The next step — going to a bank:

I thought there was a bigger opportunity in retail and Wells Fargo had been coming after me for years. It was pre-Wachovia [which it acquired at the end of 2008]. So Wells Fargo didn't have a footprint here. They had nothing east of Michigan, and they really didn't have a lot of activity here. I came in and I started the operation in New York, and we built a $4 billion operation in Manhattan. A lot of my people came from the mortgage brokerage side. Changed the value proposition, but it was a great institution at that time. I loved it. I mean, that was my business.

Going overseas and coming back:

That's the only thing I've ever done, mortgage. At one point when I left Wells Fargo in 2009, I had this dream to see if I could export the American-style mortgage business to other countries. I did try to do some deals in Argentina and Brazil. It wasn't the same thing, so I ultimately came back to the business here.

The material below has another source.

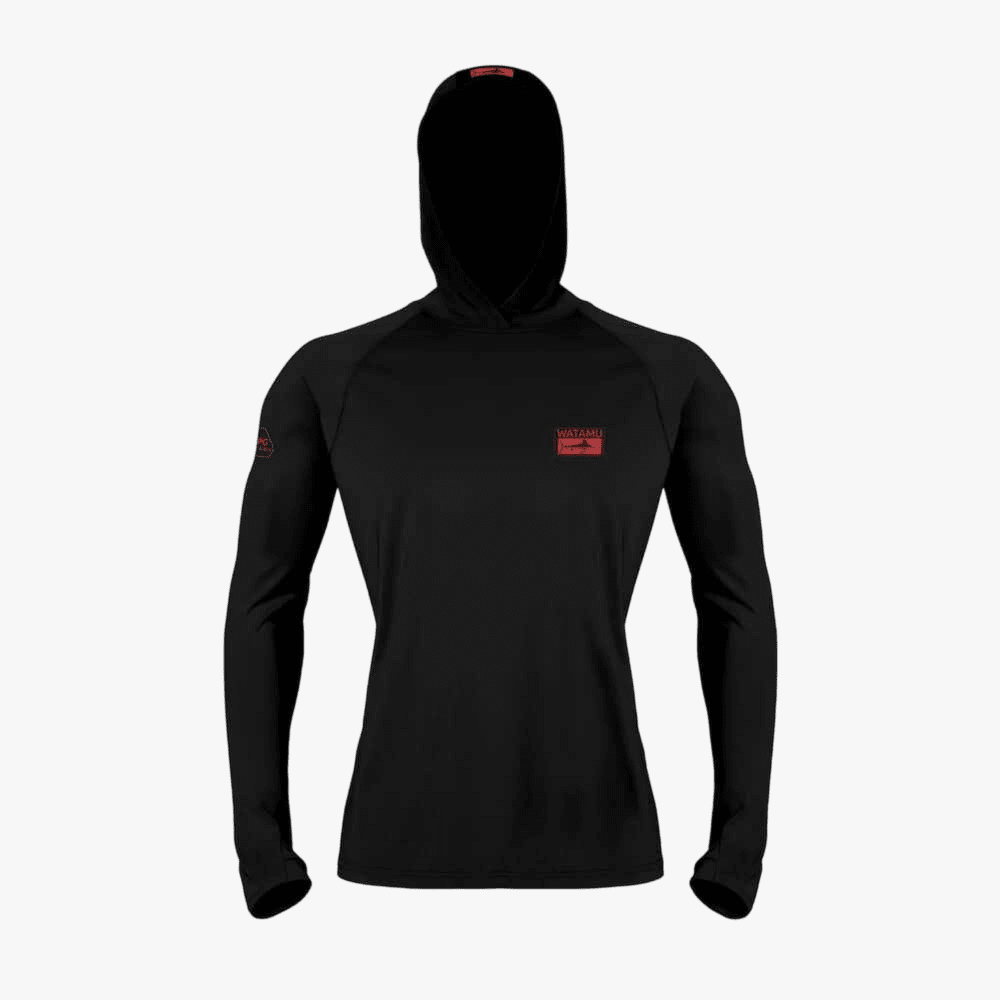 Kariba Mens Performance Hoody Black | Kariba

His job wish list was a business with the best of both worlds:

My wish list was always, if I could find a business model that was a combination of the things that I thought were very effective: A model where you had a menu of products, you also had 50 state licensing. If you're on the mortgage banker side, it was really hard, especially in New York, to recruit good loan officers to get to the banks, because it took six months or a year to get your license. That was like almost a natural barrier to competition. A lot of the banks, what I had observed over the years, weren't necessarily 100% focused on mortgage. The thing that was important to me is I wanted to be at an institution that was mostly focused on mortgages.

A mortgage-centric depository was the next stop:

That's what I do for a living, but also had a business model that I thought would be a really good value proposition. I found that a decade ago at The Federal Savings Bank. I was like, 'this is crazy.' This is unlike any other market player that I know of, because 95% of all the revenue of The Federal Savings Bank comes from mortgage. It started as a mortgage banker, veteran-owned. They purchased a bank along the way. The Federal Savings Bank, for example, doesn't have credit cards, student loans, car loans, business loans. Basically, it's a mortgage company.

What makes it different:

To me, it was a combination of being able to have a fully focused mortgage company, the ability to offer correspondent options, which is that menu of products like from when I was a mortgage broker that I loved. Banks don't usually have the option to [sell to] 30 different investors. It's very unusual for a bank to be doing non-QM over the last 10 years. Then on top of that, they have portfolio lending. When I first started, we were in our infancy with portfolio lending. It's now a core business, the centerpiece of our lending strategy overall, and our bankers can be more effective because they have access to every product.

Responding to the changing landscape:

We're not waiting for every banking solution in the world. What we're looking for is solutions for mortgage customers. That personal loan, which started as a VA loan, was a VA debt consolidation loan. That was the original birth of the loan. We started to do it, not just for VA customers, but for all customers. When we saw all the issues bubbling up in the residential real estate brokerage industry, we decided we could reposition it. We didn't change anything in terms of writing or anything else, but we think that there's a need for people on the purchase side. Now, buyers potentially have to finance their brokerage fees. That's a really sexy tie-in to our Realtor agents, who are our most important referral sources. We really think that there's a lot of opportunity to help them sell more properties, plus help the customers who might not have enough money to pay a brokerage fee out of pocket.

Helping ITIN consumers buy a home:

Another one of the things we do is a 90% ITIN loan, which is for people who don't have Social Security numbers. We just got regulatory approval to offer ITIN checking accounts now, for people who don't have Social Security numbers. That's where we designed a banking product that its only purpose is to help our mortgage customers. We're doing it to help people who are ITIN candidates for a mortgage to get a mortgage. Everything we do has that same mission to tie back the mortgage.